Tuesday, February 11, 2020

Ode to my Father...The Goldsmith.

Thaipusam has just came and went two days ago, I did not make it this year so have no idea what went. Some say a record attendance and grand celebration for the Hindus as they came all over the northern part of the Peninsular of the country. What is Thaipusam? I have tried many times in the past posting this subject, google it. What comes to my mind every time I think of Thaipusam, I think of my father perhaps because he once told me he created the one foot tall solid gold figurine of the Deity, Murugaya that is being charrioted from its home temple to the temple in the foot hills of the Penang Hill, about seven or eight miles away. This Deity is the one in whose name the act of carrying the Kavadi is performed.

Often times I feel I am doing just that my entire life, carrying a load on my back with barbs piercing the skin of my back and with lemons hanging hooked to my chest, I am walking this journey for the past seventy years.
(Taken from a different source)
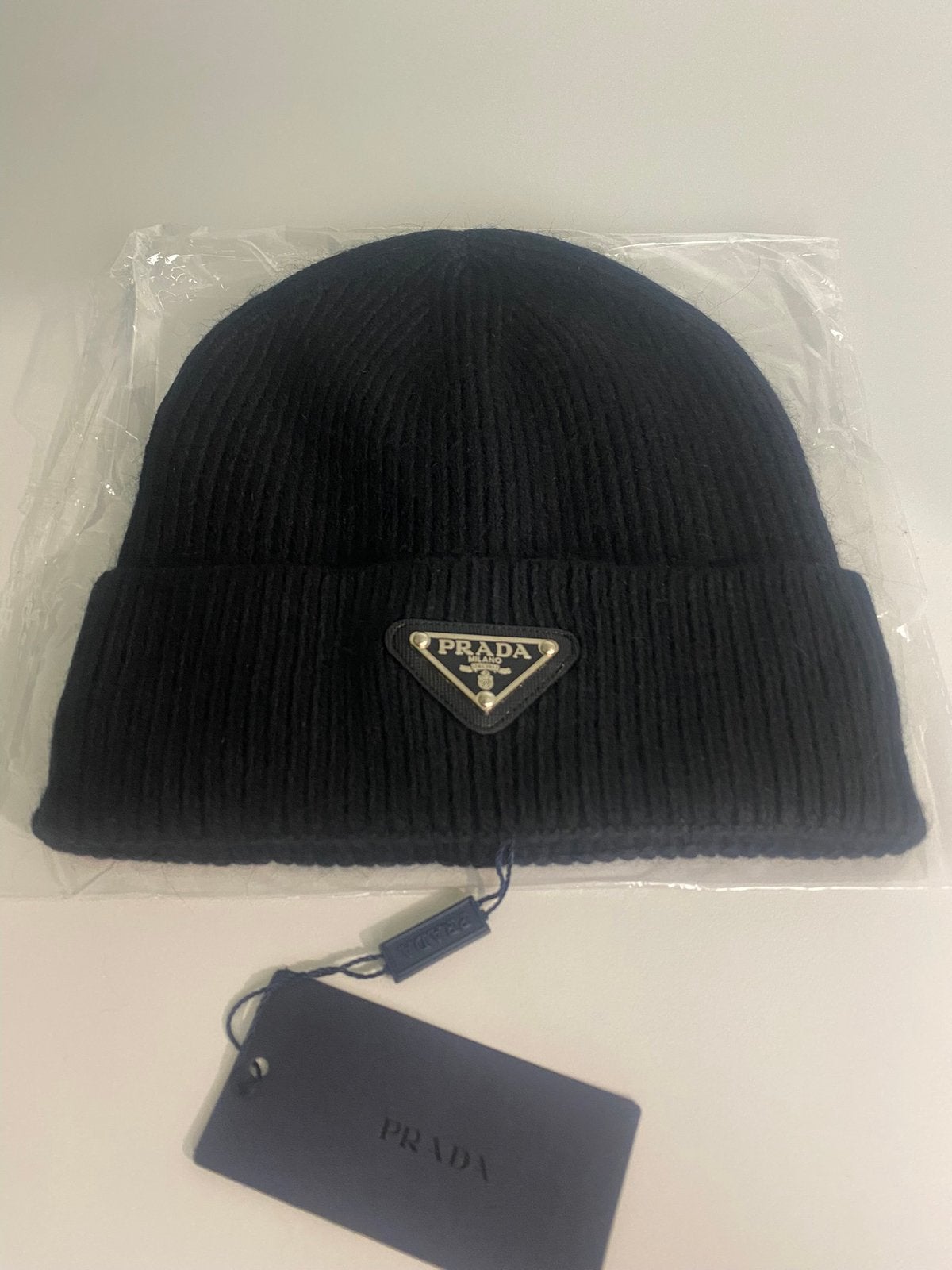 Prada muts, Kleding | Heren, Ophalen of Verzenden, Nieuw, Overige maten, Muts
This is an act of self mortification as a show of gratitude towards the one who has fulfilled your request and your prayers- the Deity. It has become a religious question  such an in my mind as to the right and wrongs of my father to have created such an image that is worshiped by  thousands who came annually to commemorate this event. I have tried all kinds of justification to persuade myself that even if my father was converted to Islam, perhaps he created this sculpture in solid gold before he was married and
converted to Islam. However  the fact remains and I am the one bearing this cross on my back, my mind has had me by the baLLS FOR A VERY LONG TIME! It is no more. I choose to move on and accept what lies ahead. I am proud to know this fact in my life that my father perhaps shared only with me not to others of my siblings. It is an honor my awareness of the matter added more fuel towards my journey in looking for answers for myself.
My father was also a Golden Glove Champion for the State at one time in his younger days and old black and white photo I once saw of him posing, my father had a fighter's figure. He would point out to me the broken skin under his chin that he carried a reminder. My father's hand crafted jewelries can be found in the Royal house of Terengganu, He crafted all manners of jewelries from diamond studded rings, to chains with diamond studded pendants. I used to observe him at work in the kitchen of our home cursing and swearing in Singhalese,often sitting flat on the concrete floor and working his heart out , perhaps creating the last of its kind, a piece handcrafted in the traditional way of the Sri Lankans.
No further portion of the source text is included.